Indudablemente, el encuentro entre el azul cristalino del orbe y la clemencia humana es fecundo, en la medida en que genera una proximidad que regenera y acompaña. En este sentido, nos alegra la pasión puesta recientemente por una asesora del Comité de los Derechos del Niño para un medioambiente limpio y sano. Cuenta a noticias de Naciones Unidas como desde que era niña estuvo en la lucha contra el cambio climático y la degradación de nuestros ecosistemas, demostrando científicamente por ejemplo como era necesario prohibir las bolsas de plástico de su uso cotidiano. Seguramente, si fuésemos más garantes con la custodia de la casa común y nos oyéramos más todos, afrontaríamos esta transformación, que en realidad es una metamorfosis integral e integradora, de modos y maneras de vivir, lo que requiere del verdadero esfuerzo tanto individual como colectivo.
Desde luego, la sanación humanitaria es fundamental. Debe ser capaz de cuidarse de sí misma y de la naturaleza. Únicamente, de esta forma podremos levantar cabeza y tejer nuevos hábitos de confianza en el futuro. Por consiguiente, la apuesta por un cielo azul y una tierra fecunda, requiere del valor personal y del compromiso de todos y, en particular, de los países con mayores capacidades. Junto a esto, hay que fomentar un modelo cultural de avance en el saber estar y en el ser solidario, centrado en la relación cordial entre semejantes y, además, en alianza entre el ser humano y el entorno natural.

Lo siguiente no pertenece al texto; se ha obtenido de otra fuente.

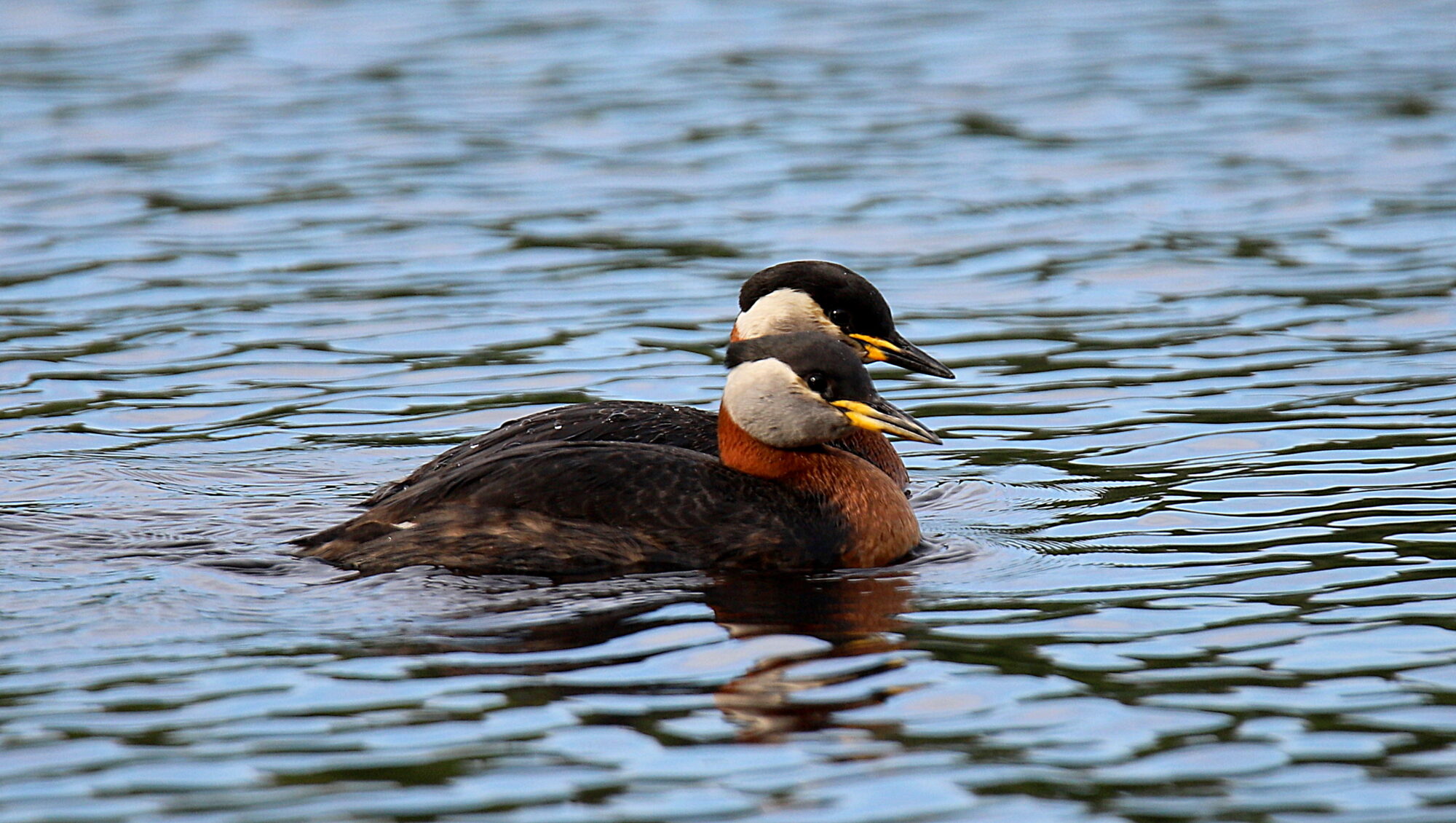 Valokuvaaja: sirpa Jyske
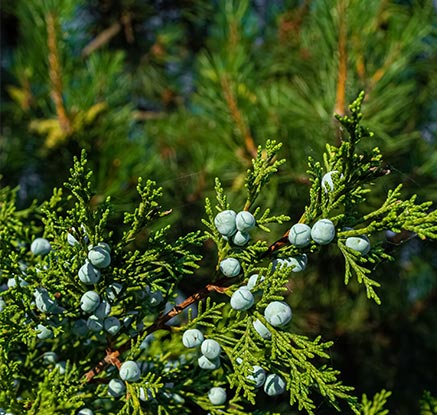 Baies de genévrier savin (Juniperus sabina)  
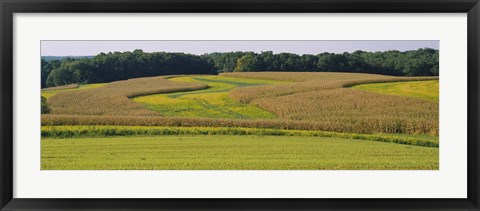 Framed Field Of Corn Crops, Baltimore, Maryland, USA Print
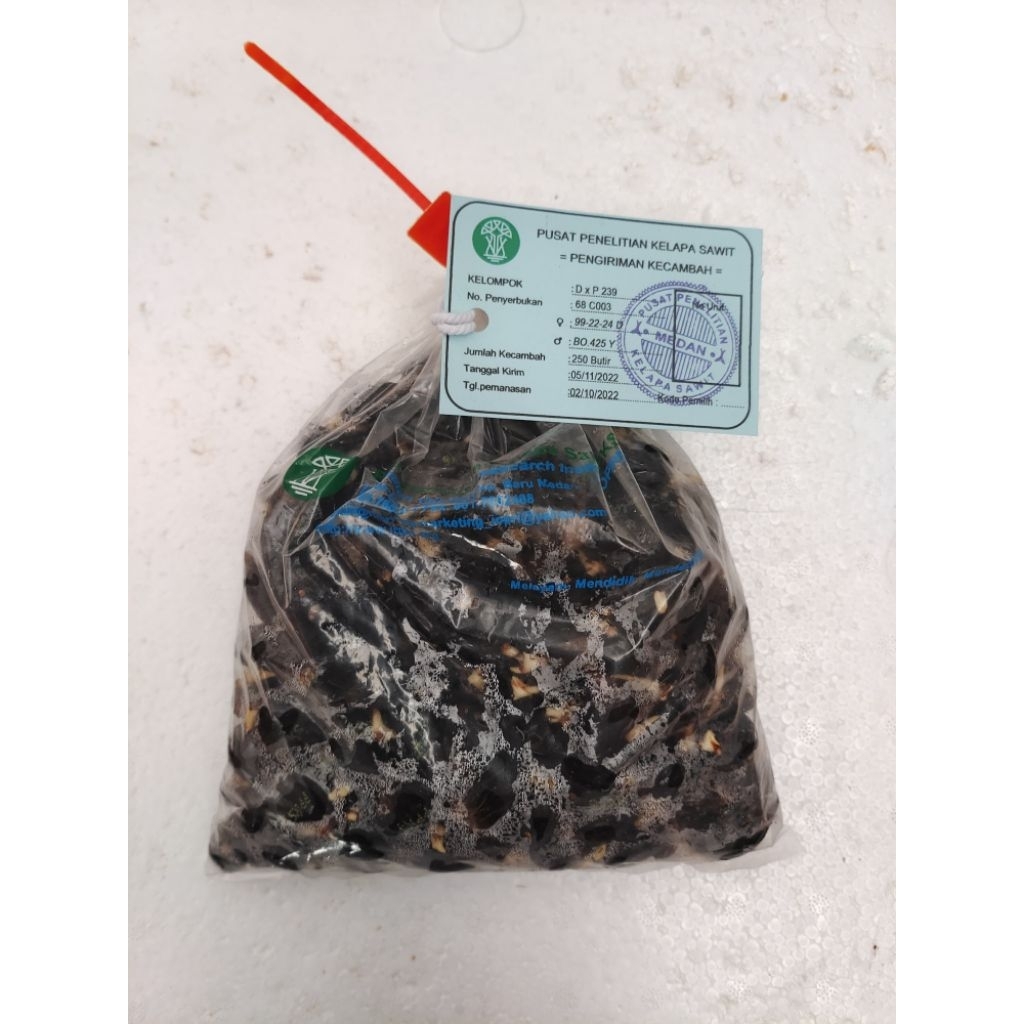 Bibit Kecambah Sawit PPKS Unggul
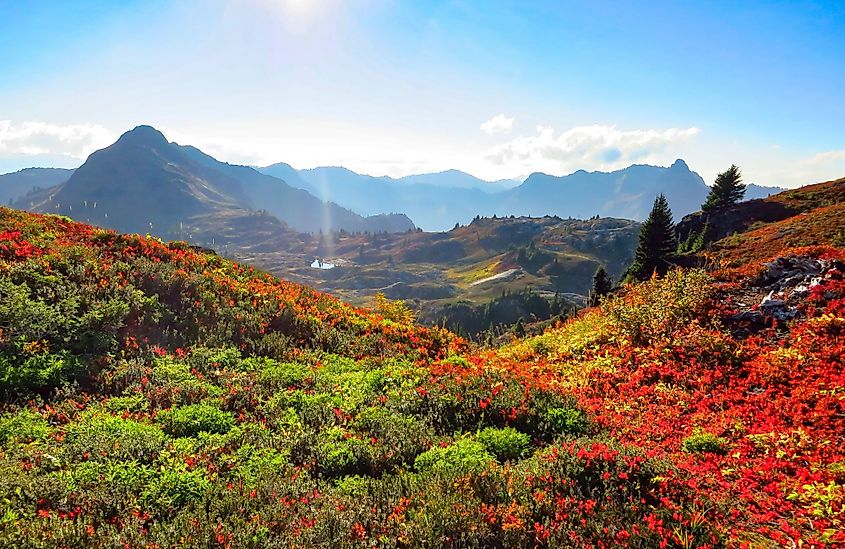 A view of the North Cascade Range in autumn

Se trata, en consecuencia, de poner en acción el canje, ya no solo de época, también de dimensión económica, social y ambiental; sabiendo que el vínculo más esencial que tenemos entre sí, es que todos moramos en este pequeño astro, del que formamos parte con nuestro propio cuerpo. La tarea pasa por purificar la brisa que nos alienta o por proteger el agua del manantial que nos vivifica. Esto nos exige entendernos y atendernos mutuamente, entrar en diálogo y salir convencidos de que lo celeste y lo terrenal han de coaligarse, destronando dominios y dominadores. Al fin y al cabo, la mayor fertilidad de nuestro paso por la madre tierra, pasa por ejercer las buenas prácticas del amor de amar amor.
Si realmente tenemos en cuenta que somos hijos del afecto; y que, cualquiera de nosotros, estamos llamados a vivir y a dejar vivir, ¡hagámoslo así! Dejemos de dar continuidad a este deterioro humano, verdaderamente deshumanizador y sanguinario. La cátedra viviente lleva tiempo advirtiéndonos de que tenemos que poner más alma que armas por los caminos, más ciencia y conciencia que inconsciencia e insensibilidad por las vías del tiempo, más corazón y poesía que malignidad y poder avasallador entre los espacios.
Ojalá se retome a la sabiduría de lo vivido, abandonemos el endiosamiento, y nos pongamos con voluntad a servir como poetas en guardia; sin obviar el querer, porque cada uno es necesario para proyectar savia. Colaboremos y cooperemos en la labor, con humildad y sencillez. En esto radica el gozo.